Extracted records
-- Opening Marker --
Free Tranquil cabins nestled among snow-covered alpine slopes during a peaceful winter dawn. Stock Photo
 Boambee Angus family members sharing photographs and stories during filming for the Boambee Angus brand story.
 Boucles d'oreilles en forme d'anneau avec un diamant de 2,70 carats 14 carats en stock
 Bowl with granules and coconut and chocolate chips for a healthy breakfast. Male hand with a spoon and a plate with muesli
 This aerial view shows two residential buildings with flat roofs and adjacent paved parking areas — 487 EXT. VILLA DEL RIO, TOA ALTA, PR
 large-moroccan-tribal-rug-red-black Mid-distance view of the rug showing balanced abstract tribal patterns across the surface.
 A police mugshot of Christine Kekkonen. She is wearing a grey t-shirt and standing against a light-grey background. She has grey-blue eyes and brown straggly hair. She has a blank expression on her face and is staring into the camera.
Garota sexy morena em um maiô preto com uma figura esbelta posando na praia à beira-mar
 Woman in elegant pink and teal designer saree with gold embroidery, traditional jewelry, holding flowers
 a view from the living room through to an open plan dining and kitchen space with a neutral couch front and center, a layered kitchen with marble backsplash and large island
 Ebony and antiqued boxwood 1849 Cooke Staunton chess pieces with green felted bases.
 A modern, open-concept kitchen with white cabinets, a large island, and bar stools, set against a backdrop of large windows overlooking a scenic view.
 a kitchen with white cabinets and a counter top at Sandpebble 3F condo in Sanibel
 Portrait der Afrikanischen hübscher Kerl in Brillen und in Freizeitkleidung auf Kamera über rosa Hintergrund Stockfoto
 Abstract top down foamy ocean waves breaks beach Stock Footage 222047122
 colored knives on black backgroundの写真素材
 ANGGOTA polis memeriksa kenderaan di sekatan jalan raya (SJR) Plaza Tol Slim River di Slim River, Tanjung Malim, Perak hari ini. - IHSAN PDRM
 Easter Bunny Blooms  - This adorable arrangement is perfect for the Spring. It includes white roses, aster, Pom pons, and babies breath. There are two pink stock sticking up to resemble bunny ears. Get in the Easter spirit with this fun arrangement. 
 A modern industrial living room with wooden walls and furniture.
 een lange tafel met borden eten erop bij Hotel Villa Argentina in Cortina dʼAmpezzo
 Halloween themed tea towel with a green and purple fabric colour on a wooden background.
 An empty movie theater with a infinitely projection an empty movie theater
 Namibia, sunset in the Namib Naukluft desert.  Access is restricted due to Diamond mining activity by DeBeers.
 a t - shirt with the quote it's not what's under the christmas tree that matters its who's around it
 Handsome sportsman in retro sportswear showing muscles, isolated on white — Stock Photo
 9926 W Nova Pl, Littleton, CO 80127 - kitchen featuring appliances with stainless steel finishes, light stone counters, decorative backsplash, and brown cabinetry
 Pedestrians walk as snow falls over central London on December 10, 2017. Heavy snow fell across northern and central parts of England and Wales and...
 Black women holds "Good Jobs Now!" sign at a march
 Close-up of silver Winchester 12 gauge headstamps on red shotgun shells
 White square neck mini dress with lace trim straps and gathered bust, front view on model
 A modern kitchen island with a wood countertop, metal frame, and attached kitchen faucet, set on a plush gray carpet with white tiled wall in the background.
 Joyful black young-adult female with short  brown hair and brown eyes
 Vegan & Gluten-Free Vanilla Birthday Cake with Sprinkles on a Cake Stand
-- Closing Marker --
TASK DIRECTIONS
Search the data for "during". Copy each line that has it.

TASK ANSWER
Free Tranquil cabins nestled among snow-covered alpine slopes during a peaceful winter dawn. Stock Photo
 Boambee Angus family members sharing photographs and stories during filming for the Boambee Angus brand story.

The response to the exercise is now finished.